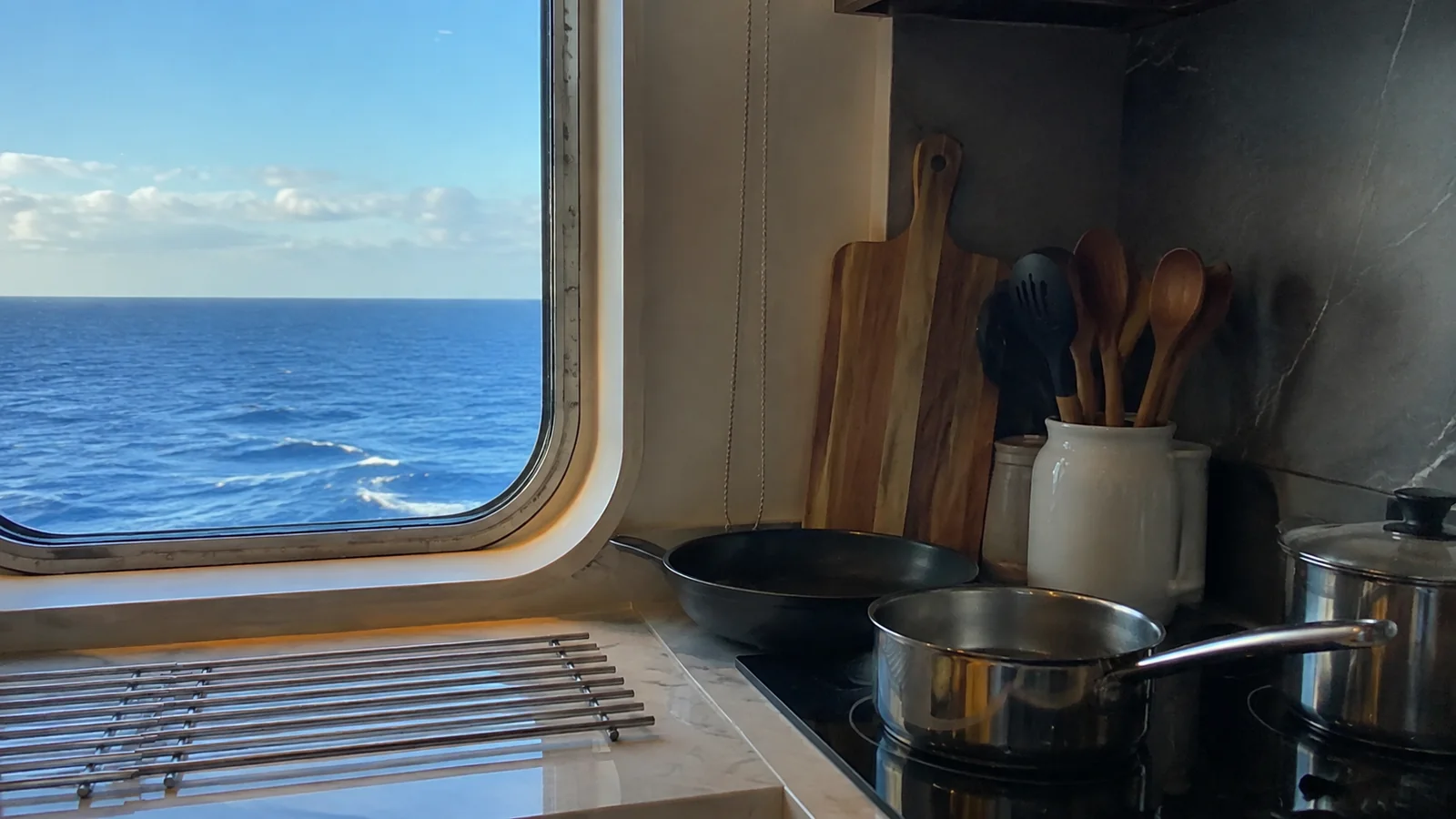 Cookware and utensils in a ship's kitchenette beside an ocean-view window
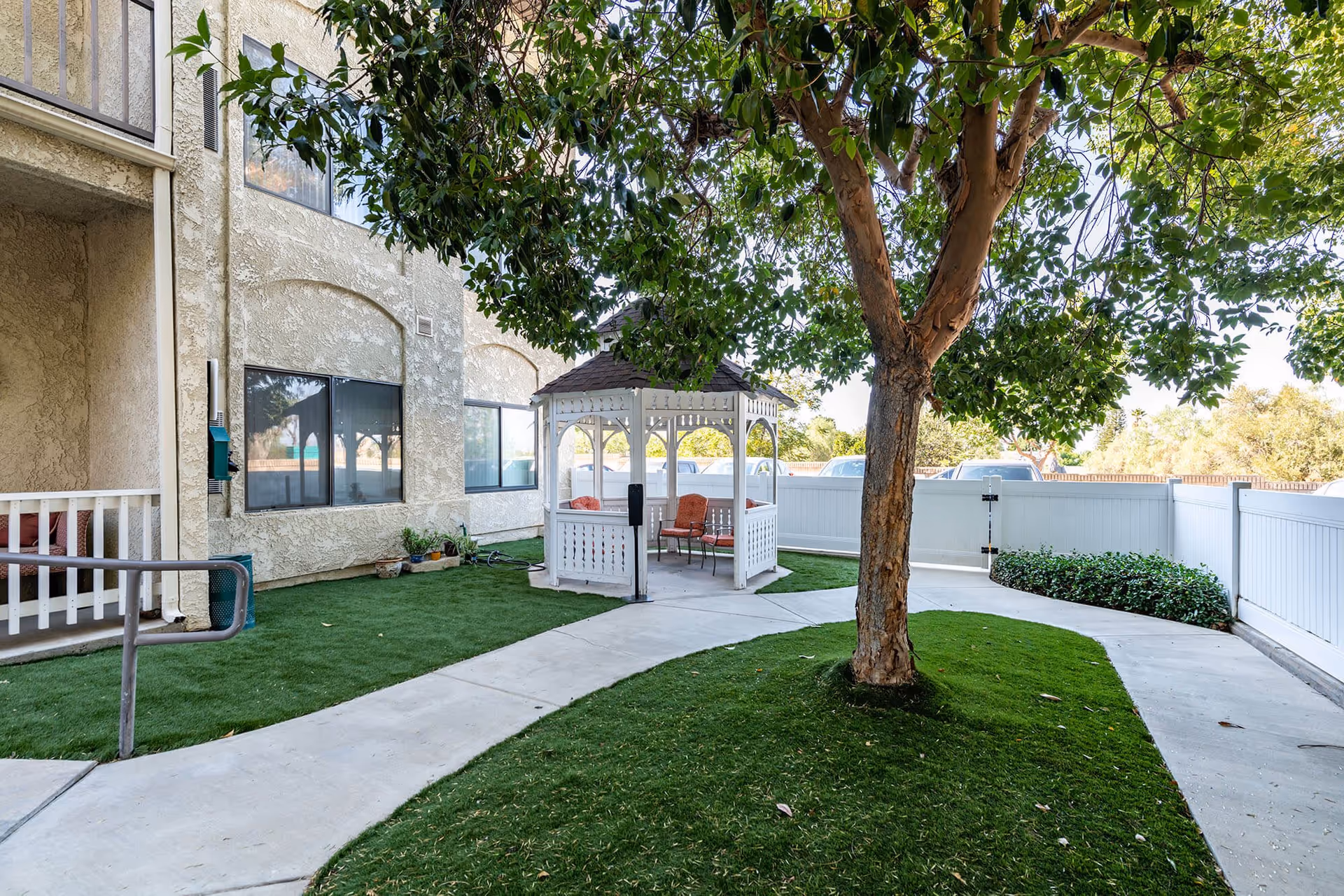 Outdoor courtyard area at Vista Corona Senior Living featuring a large tree, a white gazebo with chairs inside, green grass, a concrete pathway, and a beige building with windows in the background.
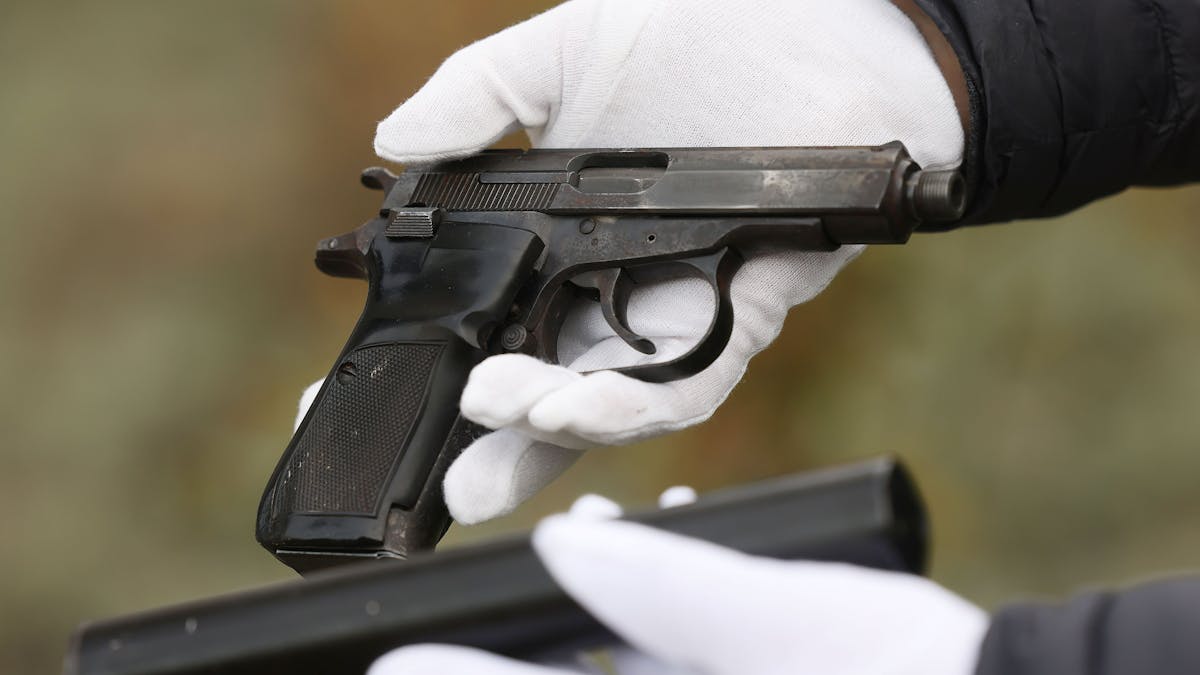 Ein Mitarbeiter des Bundeskriminalamtes hält eine Pistole in der Hand.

> [WHAT TO DO]:
Retype the listing above exactly as it appears, omitting the pictures.

> [SOLUTION FOR THIS TASK]:
 Cookware and utensils in a ship's kitchenette beside an ocean-view window
 Outdoor courtyard area at Vista Corona Senior Living featuring a large tree, a white gazebo with chairs inside, green grass, a concrete pathway, and a beige building with windows in the background.
 Ein Mitarbeiter des Bundeskriminalamtes hält eine Pistole in der Hand.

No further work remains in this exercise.